BEGIN Data for this task

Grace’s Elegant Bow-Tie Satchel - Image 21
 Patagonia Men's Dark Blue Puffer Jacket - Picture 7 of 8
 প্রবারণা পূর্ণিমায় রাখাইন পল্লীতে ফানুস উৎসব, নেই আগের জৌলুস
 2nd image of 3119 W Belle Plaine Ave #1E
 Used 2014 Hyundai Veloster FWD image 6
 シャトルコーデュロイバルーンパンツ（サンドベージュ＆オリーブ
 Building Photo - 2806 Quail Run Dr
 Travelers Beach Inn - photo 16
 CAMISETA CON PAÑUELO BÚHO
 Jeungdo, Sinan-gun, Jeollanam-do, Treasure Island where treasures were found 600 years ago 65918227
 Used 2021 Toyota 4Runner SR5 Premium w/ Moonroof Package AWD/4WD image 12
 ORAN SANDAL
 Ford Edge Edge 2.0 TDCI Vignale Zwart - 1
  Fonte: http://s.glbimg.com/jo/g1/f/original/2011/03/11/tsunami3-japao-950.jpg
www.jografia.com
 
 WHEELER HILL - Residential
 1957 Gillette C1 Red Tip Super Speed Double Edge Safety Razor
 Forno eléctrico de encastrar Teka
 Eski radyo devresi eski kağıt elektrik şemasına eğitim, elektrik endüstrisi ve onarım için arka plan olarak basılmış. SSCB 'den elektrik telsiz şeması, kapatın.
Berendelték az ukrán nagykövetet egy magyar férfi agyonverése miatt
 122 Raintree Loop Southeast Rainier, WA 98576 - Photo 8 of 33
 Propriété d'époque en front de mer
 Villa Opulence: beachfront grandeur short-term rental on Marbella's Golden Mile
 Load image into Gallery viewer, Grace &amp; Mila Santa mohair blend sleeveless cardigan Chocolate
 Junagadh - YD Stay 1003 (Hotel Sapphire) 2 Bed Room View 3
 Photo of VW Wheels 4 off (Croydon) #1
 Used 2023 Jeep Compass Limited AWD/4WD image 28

END Data for this task

§ Exercise
Lines holding "Used": copy each one from the records above.

§ Answer below
 Used 2014 Hyundai Veloster FWD image 6
 Used 2021 Toyota 4Runner SR5 Premium w/ Moonroof Package AWD/4WD image 12
 Used 2023 Jeep Compass Limited AWD/4WD image 28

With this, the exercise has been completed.